Can he switch his mindset from challenging for the Premier League title and Champions League crown to competing for fifth-place in the Premier League?
And is that really enough for a player considered to be one of the best strikers on the planet?
He has always been true to Tottenham, sticking with them when he could have looked to move. There has been interest in him, particularly from the two Manchester clubs, but Kane always kept his focus on taking Tottenham to the top instead.
That could now change, with several sources suggesting to Bleacher Report that the England international is getting itchy feet for the first time.
A failure to qualify for next season's Champions League is going to be a major factor that could agitate Kane into talks with the club over his future.
"Kane loves the club, but he doesn't want to be a club hero that looks back on his career one day and has no trophies to show for it," explained one insider.
His issue is this: Kane signed a big-money, six-year contract in 2018, and Daniel Levy would not listen to any offer for the player unless they were happy to negotiate in advance of £150 million.
Which teams could open up as a realistic landing spot for Kane at that price?
United have long admired the player, but there are a couple of obstacles in the way before anything can get going. First, they are focusing on Jadon Sancho as their top transfer target—a deal that could set them back in advance of £100 million. Also, they would not pursue the player until it became clear Spurs were open to selling him. At the moment, they have had no sign that would be the case.
As for City, the possibility is there. Sources close to the situation say the club were interested in speaking to Kane two years ago before he signed a new contract. He still has plenty of admirers at the club, including Pep Guardiola.
However, the fact Sergio Aguero remains would be an issue with any pursuit of Kane this summer. While City are on the lookout for options to lead the line once the Argentinian is ready to move on, there is a determination not to make him feel pushed out.
Of course, with both these clubs, there is also a question mark over whether they will be able to offer Champions League football anyway.
Chelsea would love to sign him too—and they are on the hunt for a striker—but that transfer from a London rival club is simply a non-starter.
So how about a move to La Liga?
Real Madrid are often linked but will only turn to Kane if they see no sign of Kylian Mbappe joining from Paris Saint-Germain, sources in Spain say.
That could open the door to Barcelona, who also have an eye on Kane and are looking to recruit a replacement for Luis Suarez this summer.

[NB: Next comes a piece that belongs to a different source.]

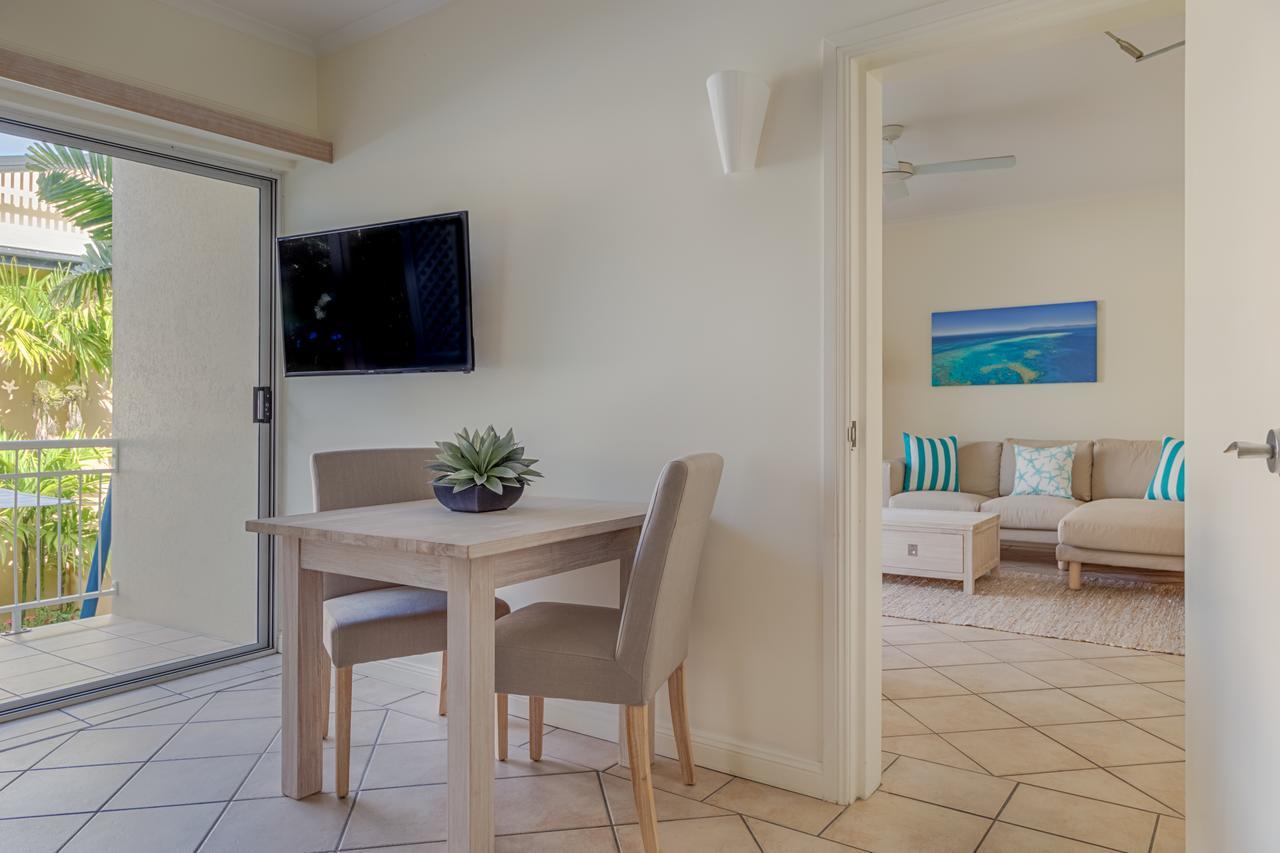 Macrossan House Boutique Holiday Apartments Port Douglas Kültér fotó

The problem in both cases, according to insiders, is that Kane is torn over whether a move abroad would work for him—personally or professionally. He would, of course, have to seriously consider offers from any European giant—Juventus are being linked at the moment—but it is thought he would prefer to remain in the Premier League.
There is another angle to all of this, of course.
His old Spurs boss Mauricio Pochettino is expected to return to management this year, and when he does, Kane will undoubtedly be linked with joining him again. It's definitely a situation worth watching closely.
Spurs sources insist the club are comfortable with their current situation.
The player earns a basic wage of £200,000-a-week, and add-ons can take that towards the region of £300,000-a-week. It's a good deal.
On the B/R Football Ranks podcast this week, I suggested they might have to make his terms even more special if he is to stick with them, but other sources have since told me that would not change much.
The player is not motivated by cash. As one source told me: "What difference is that going to make to him at this stage?" It's a fair point.
Kane's last action in a Spurs shirt was to score a disallowed goal against Southampton—his next action will be to return to the side and wrestle Wolves, Sheffield United and Manchester United for fifth-place in the Premier League.
He is not a man likely to cause a scene publicly over what he wants to do next, but Kane is having to consider his future for the first time.
His problem is that even if he wants to leave, it just might not be possible.